== Segment start ==

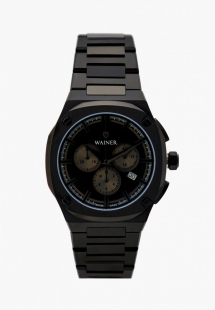 Купить часы wainer mp002xm09386ns00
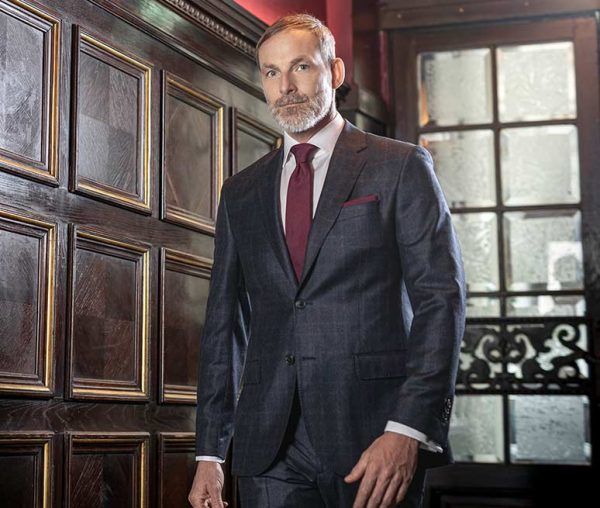 Anzug Slim Fit Wien bei STURM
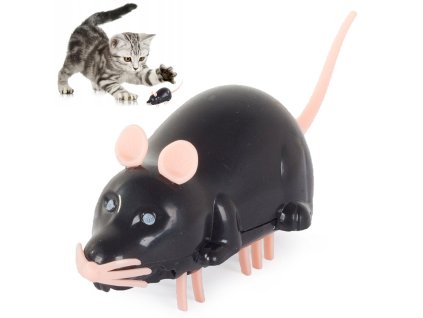 244256 7 elektricka mys vibracni hracka pro kocky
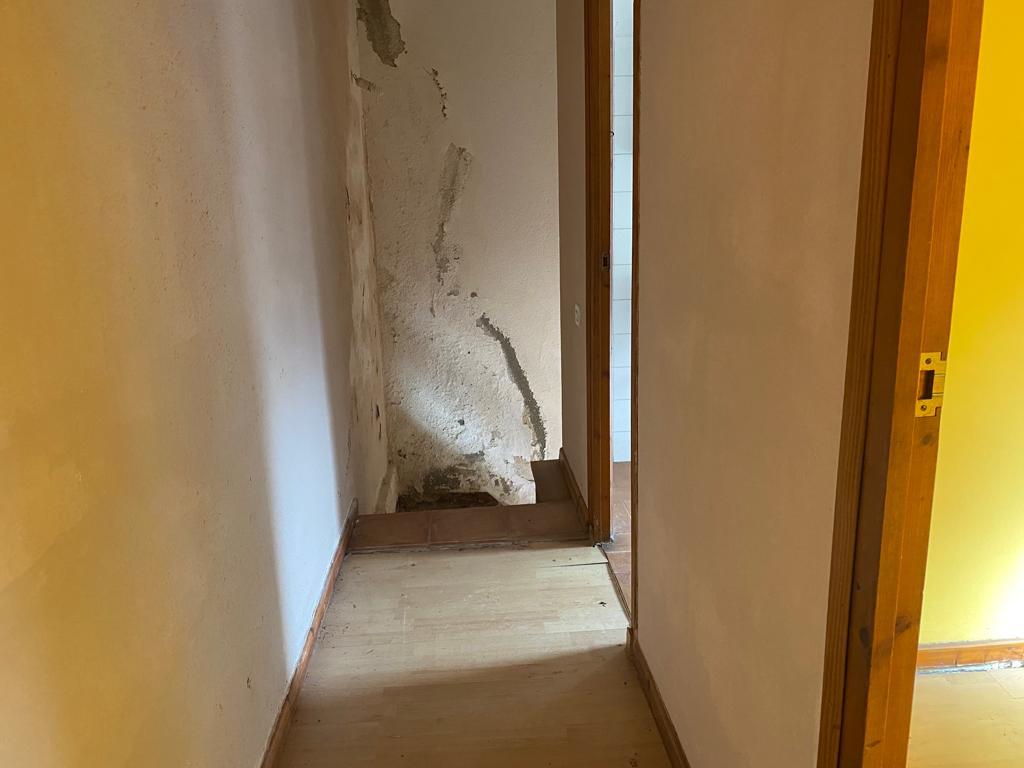 For sale of house in Prullans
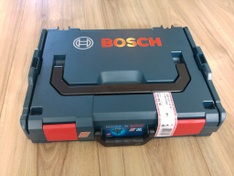 Bosch GSR 10,8 V-EC HX L-Boxx Bosch GSR 10,8 V-EC HX L-Boxx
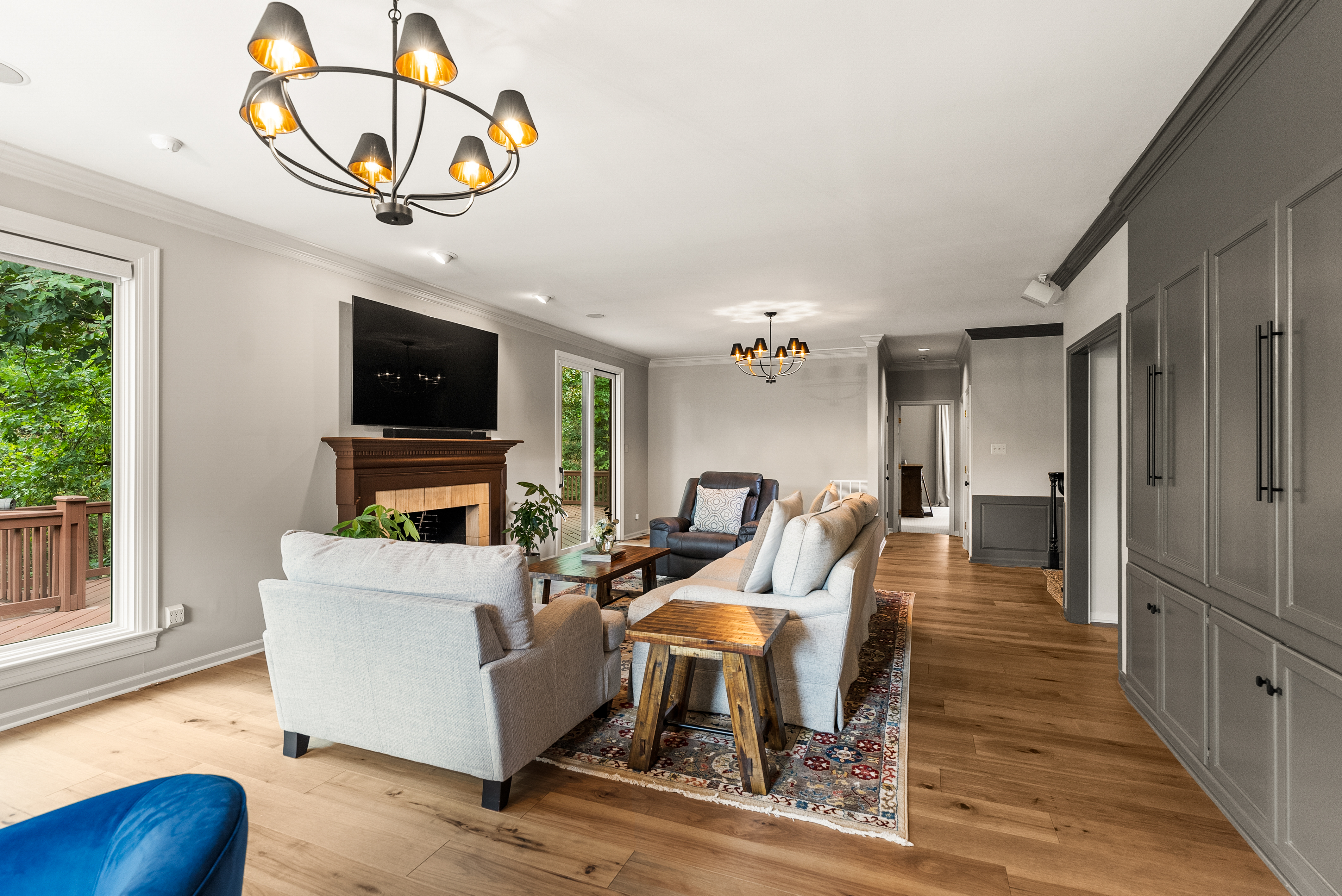  5 Ridgeview, Little Rock, AR, 72227 - 物件實景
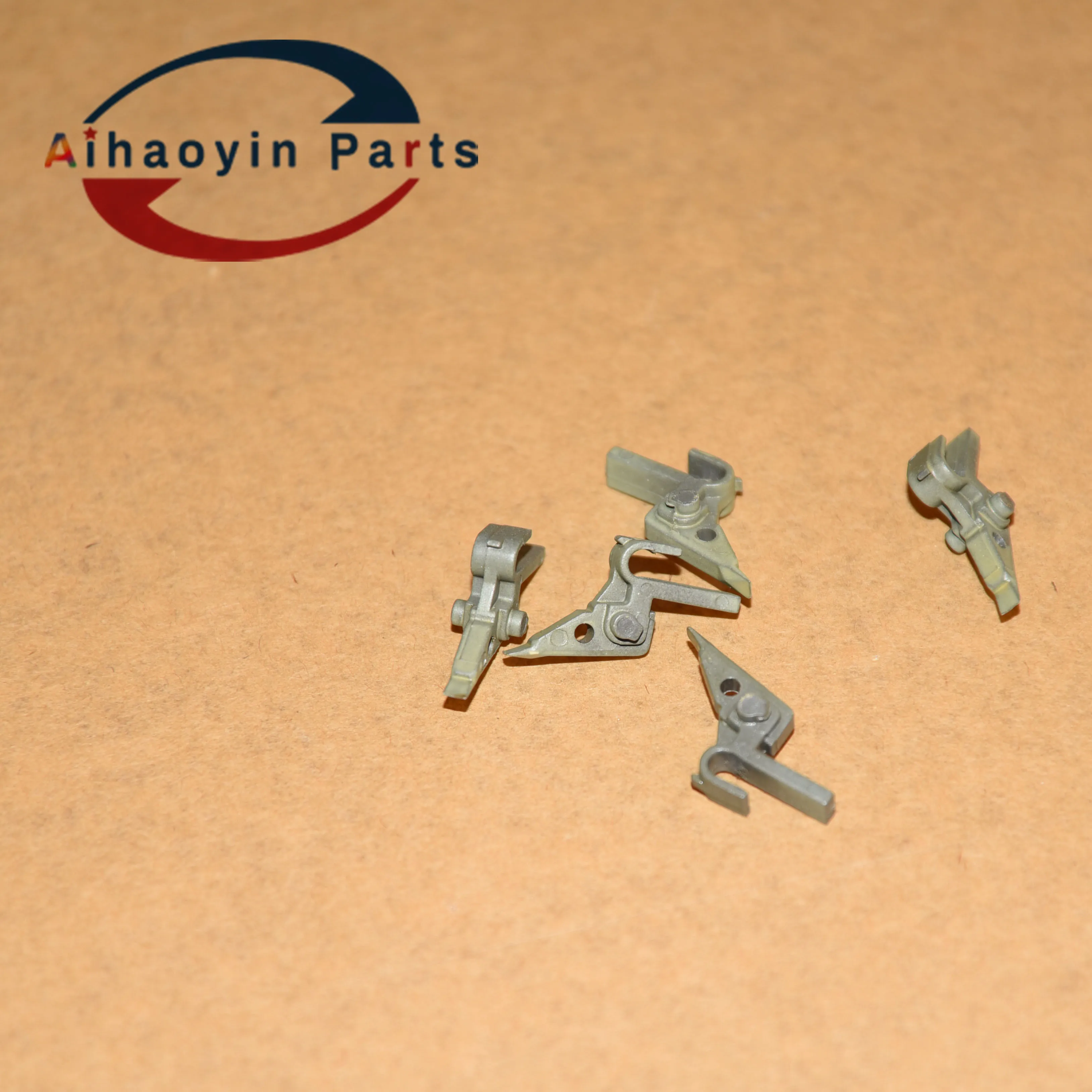 

10pcs new FB5-3625-000 FB5-8727-000 Upper Fuser Picker Finger for Canon IR5000 IR6000 IR5020 IR6020 IR105 IR 5000 6000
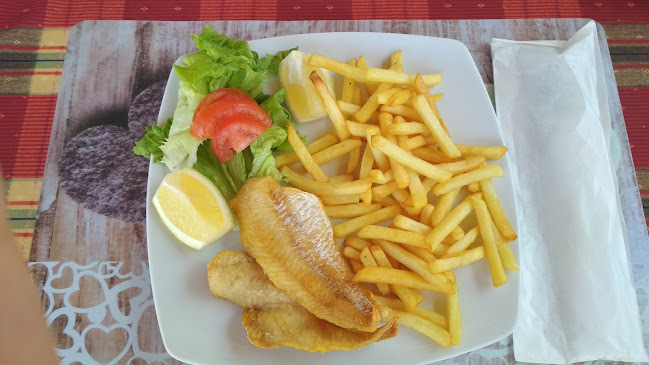 Ristorante & Pizzeria Al Capone - Portimão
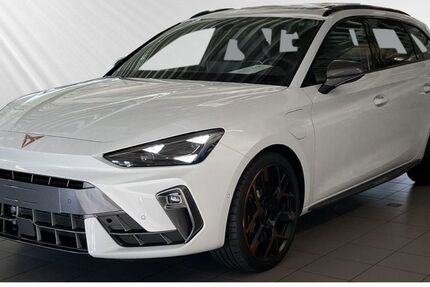 Cupra Leon 14.900 km 43.880 € Neumünster 24539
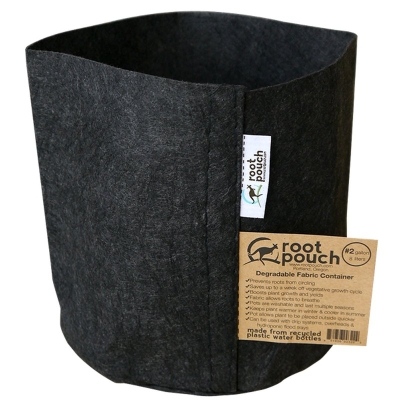 textile pot Root Pouch 6L 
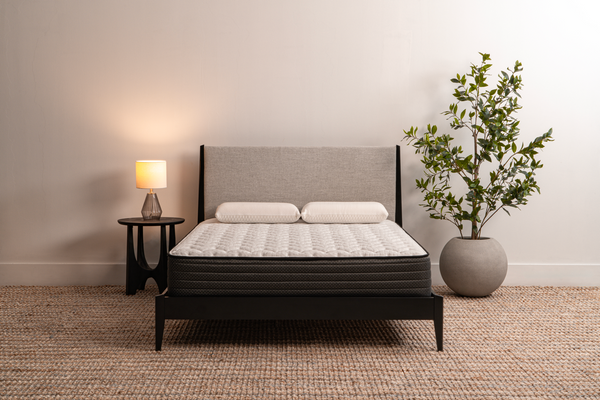 KOVA Core™ – 11" Hybrid Firm Mattress - Mattress on Demand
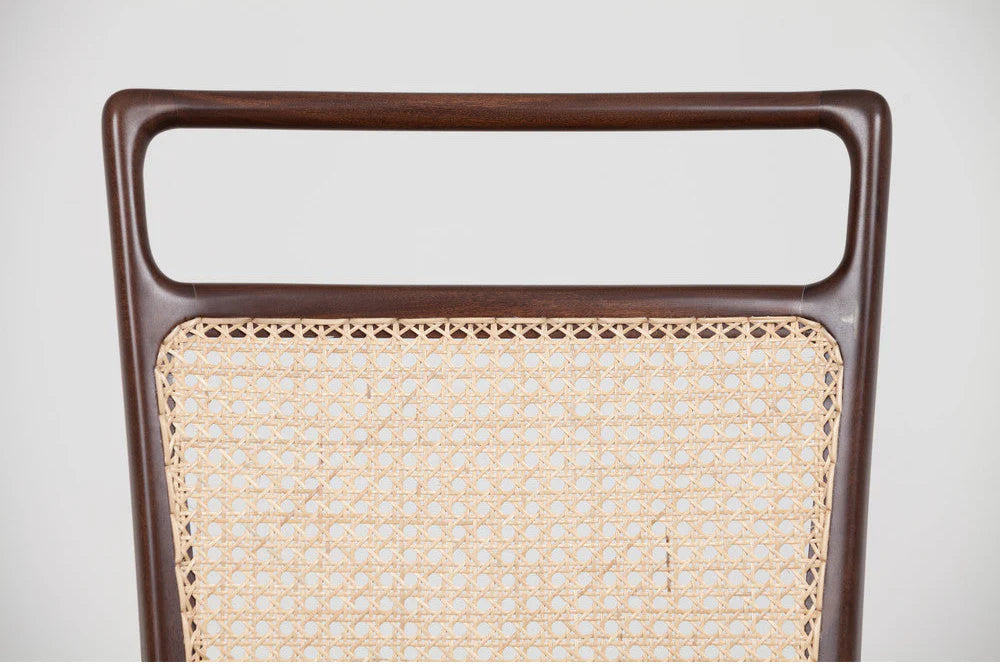 Lurelle Modern Wood Chair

== Segment end ==

§ **Problem to work on**: Repeat the material above word for word; no images go in the copy.

§ **Solution to this task**:
 Купить часы wainer mp002xm09386ns00
 Anzug Slim Fit Wien bei STURM
 244256 7 elektricka mys vibracni hracka pro kocky
 For sale of house in Prullans
 Bosch GSR 10,8 V-EC HX L-Boxx Bosch GSR 10,8 V-EC HX L-Boxx
  5 Ridgeview, Little Rock, AR, 72227 - 物件實景

10pcs new FB5-3625-000 FB5-8727-000 Upper Fuser Picker Finger for Canon IR5000 IR6000 IR5020 IR6020 IR105 IR 5000 6000
 Ristorante & Pizzeria Al Capone - Portimão
 Cupra Leon 14.900 km 43.880 € Neumünster 24539
 textile pot Root Pouch 6L 
 KOVA Core™ – 11" Hybrid Firm Mattress - Mattress on Demand
 Lurelle Modern Wood Chair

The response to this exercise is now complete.